Chu, who became a lawyer in China in 1992, had his studies at Northwestern University in Illinois sponsored by a Chinese state-owned metals company. He passed the New York bar exam in 1998 and came to Canada two years later.
“As Mr. Chu explained it, the president of that company, through the overarching Chinese Communist Party National Asset Management Committee, was close to the president of another state-owned company in Tianjin who had a relative in Tianjin Customs. Through their companies, both presidents wished to buy some luxury automobiles to bring into China, and, as the heads of state-owned enterprises, apparently did not need to worry about import regulations.”

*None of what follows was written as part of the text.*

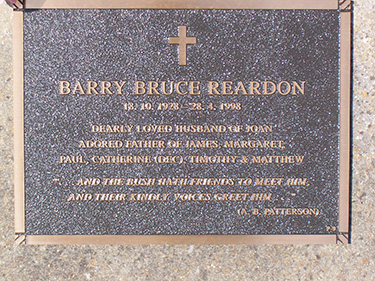 BARRY BRUCE REARDON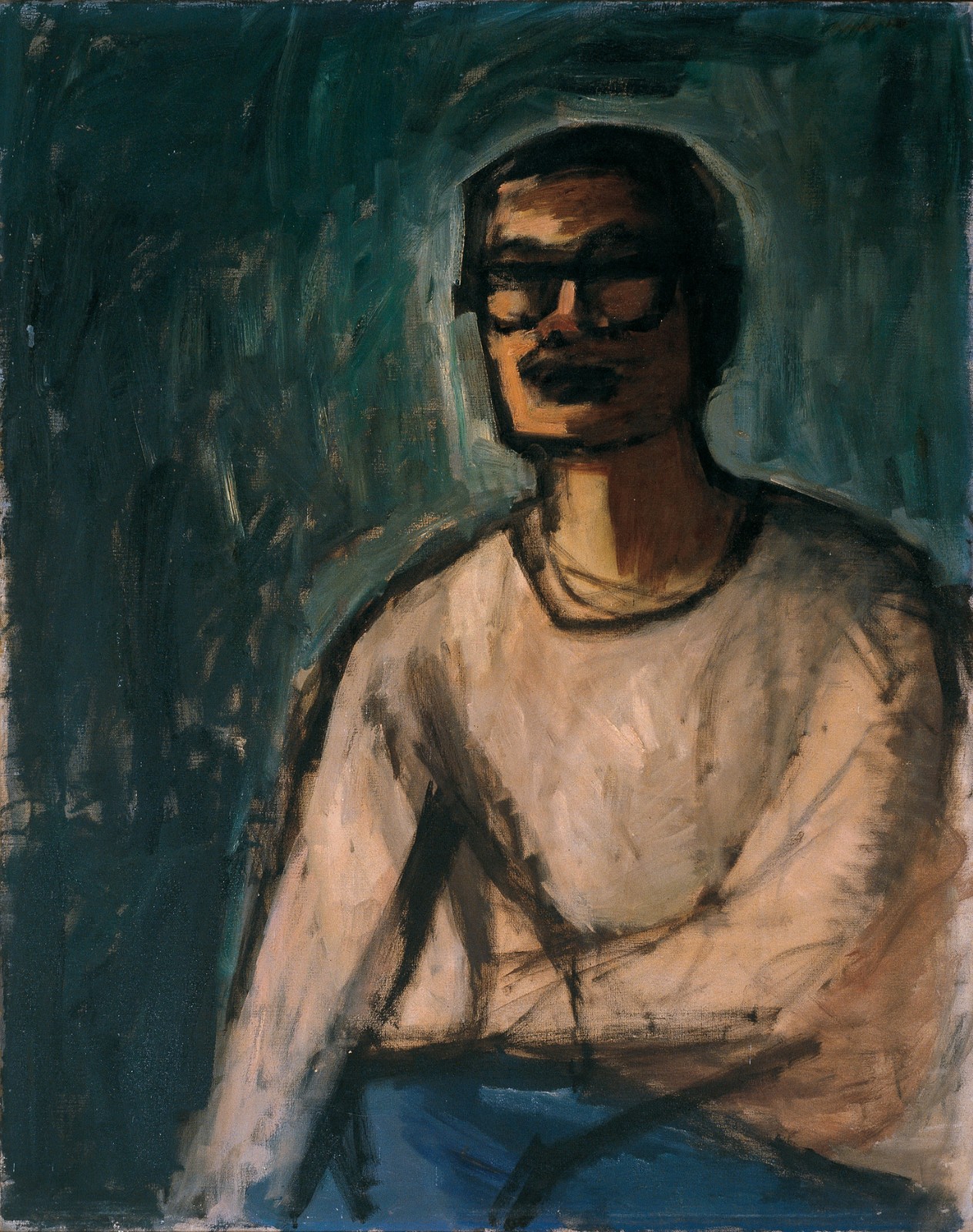 01《自己》72x91cm布面油画1977年.jpg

When Chu imported the Porsche Cayenne, the car arrived in Tianjin and became subject to supervision for a year while it remained in the name of another person. Grauer explained that supervision was intended to discourage importation of used cars for resale, as opposed to personal use. After one year, it was transferred into Chu’s name.

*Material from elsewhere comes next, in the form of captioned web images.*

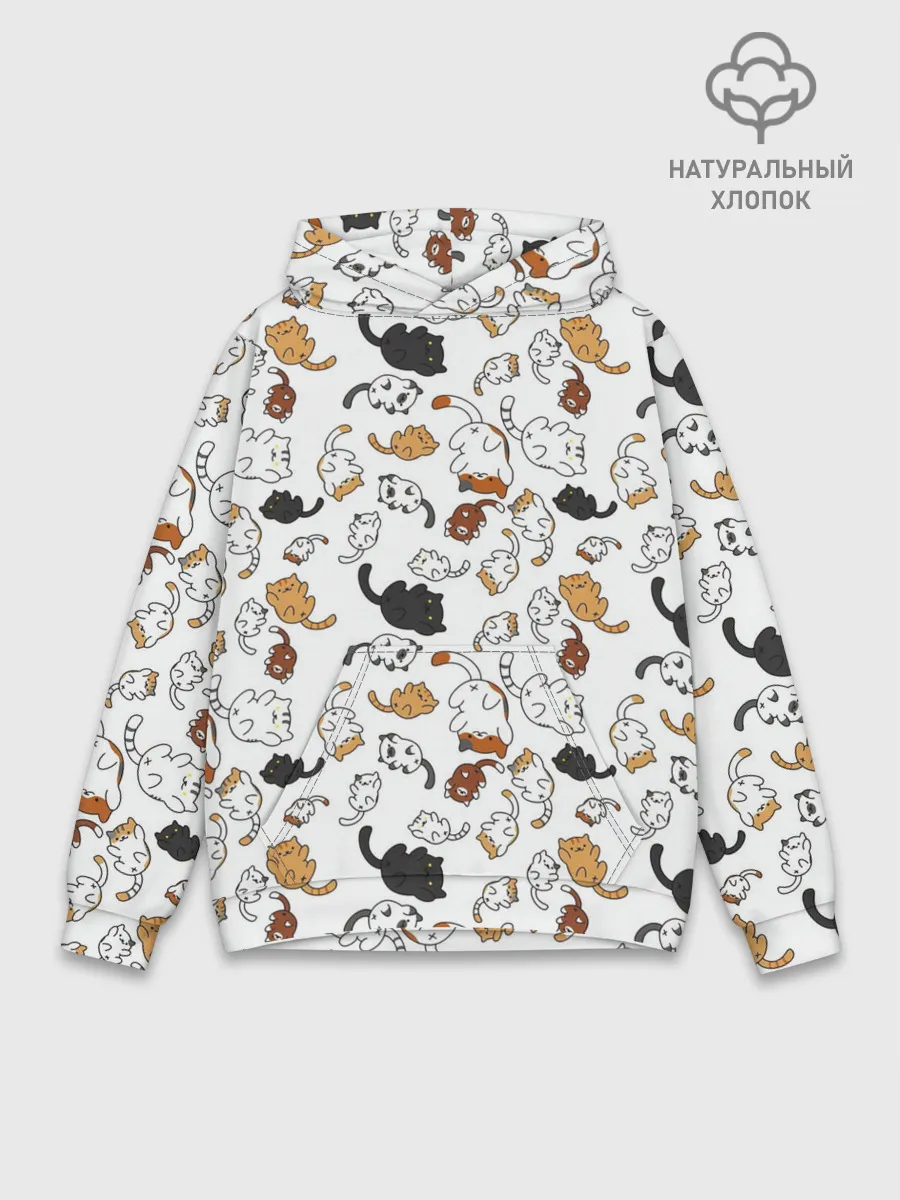 Худи мужской база хлопок / Котики.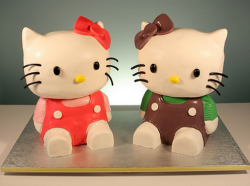 Hello Kitty Twins cakes photos.PNG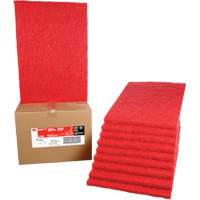 Tampon de nettoyage pour tapis, 14" x 20", Lustrage/Nettoyage, Rouge Planification Entrepots Molloy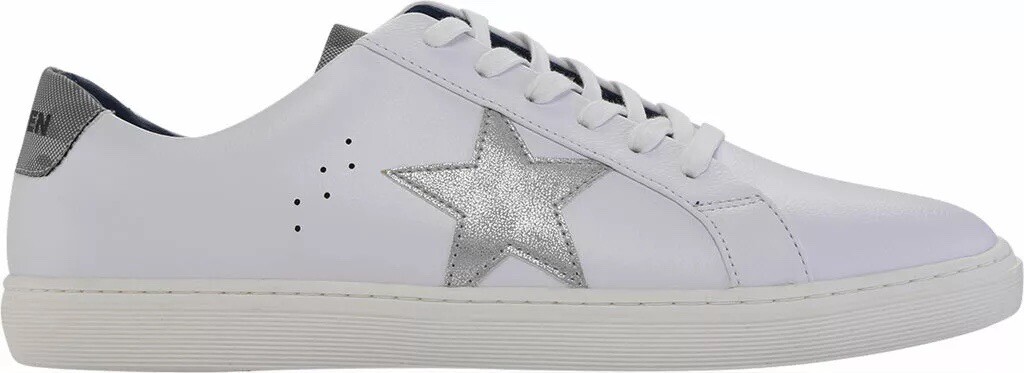 New Steve Madden Madden Men’s Dixxin Sneaker, Shoes White Synthetic Leather NWB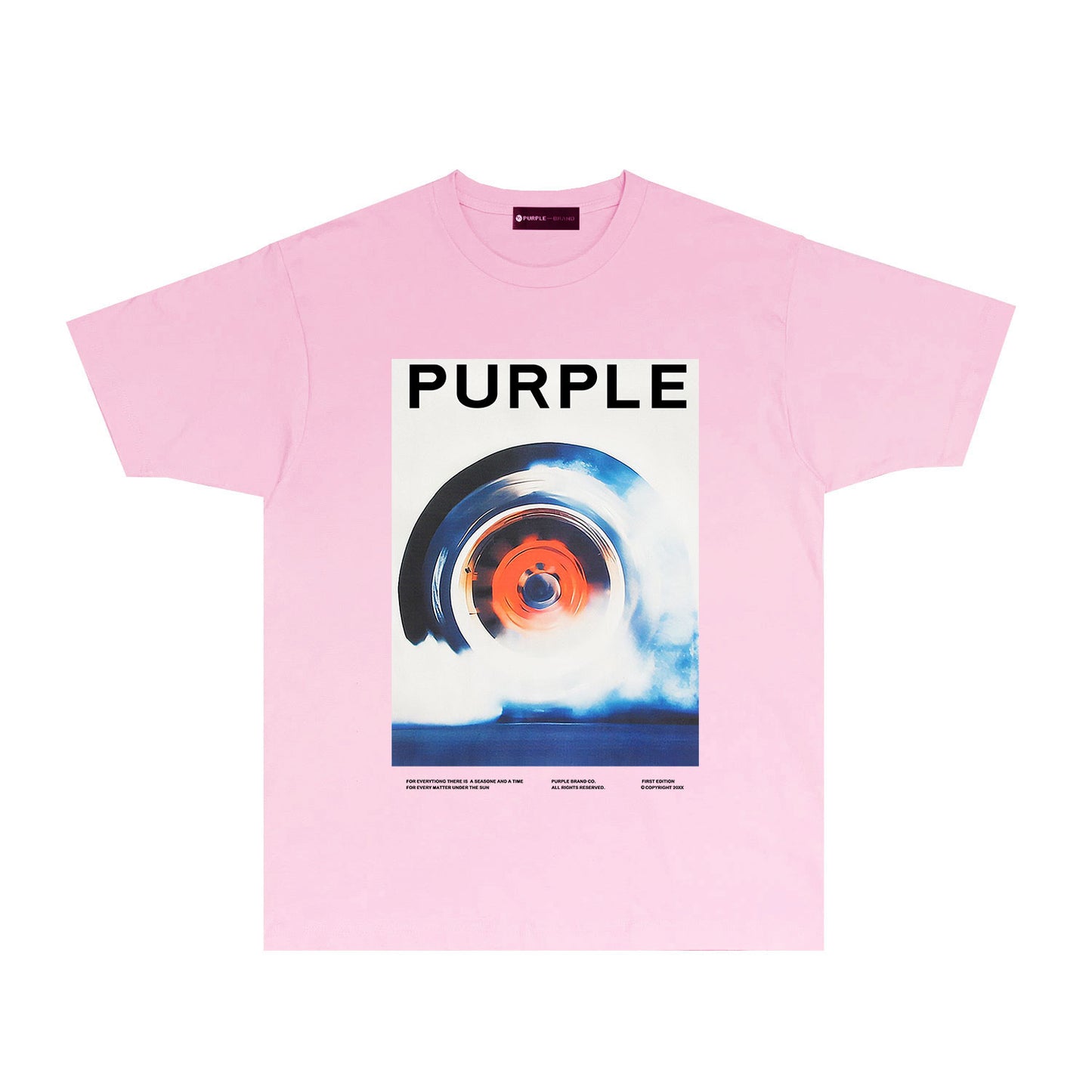 Purple Ocean Whirlpool Graphic T-Shirt Short Sleeve Casual Streetwear Tee PUR135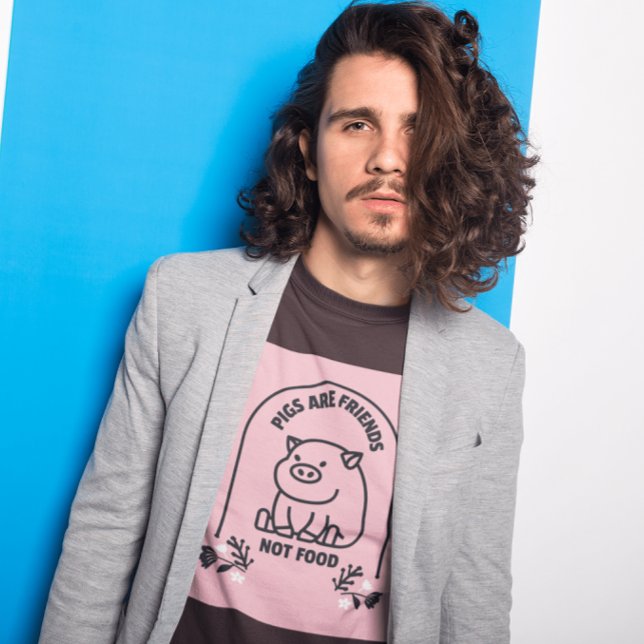 T-SHIRT LES PORCS NE SONT PAS DES AMIS DE LA NOURRITURE VÉ (Créateur téléchargé)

“From what I can piece together, a similar process was followed (or at least was intended) for Ms. Liu’s BMW.”
Generally, China does not allow the importation of used cars. An exception applied until July 2010 for resident staff in Chinese offices of overseas companies or overseas Chinese who are long-term, but temporary. Afterward, importation was only allowed for government representatives, high-level personnel and specially invited experts, Grauer wrote.
When Liu’s BMW was shipped to China, the customs document was issued by Yiwu Customs in the name of a Pakistani national named Mr. Ali from Youni International Trading. When it arrived, Huangpu Customs issued an invoice in the name of Ali, ultimately paid through Chu, for the equivalent of $140,000.
The Jinhua City judgment states that, according to confessions, 124 approval forms were obtained from Yiwu Customs under false pretences purporting to be issued to the representatives of foreign businesses, including Youni International Trading.
“Xusheng Liu testified that notices were subsequently issued advertising auctions of the seized vehicles on behalf of the People’s Procuratorate of Jinhua. He said that he saw a BMW 750, black with an orange interior (matching Ms. Liu’s description), in the auction yard. He did not know the VIN. He thought that the vehicle was sold for parts, although the evidence of its ultimate fate is unclear.”
Grauer ruled, on balance of probabilities, that Liu’s BMW had been seized and disposed by customs.
“Whether it was sold for parts, or currently graces the garage of someone in China not related to Ms. Liu, does not really matter. I am satisfied that it did not find its way to Ms. Liu.”
City of Richmond records indicate that a person named Shu E. Liu was the owner of a house on Lancing Road that was cited for an illegal suite in September 2011.
In 2016, when the house was under different owners, the Vancouver Sun reported it was used as a “baby hotel” for pregnant women from China and Richmond bylaw inspectors later shut down an illegal hostel for tourists.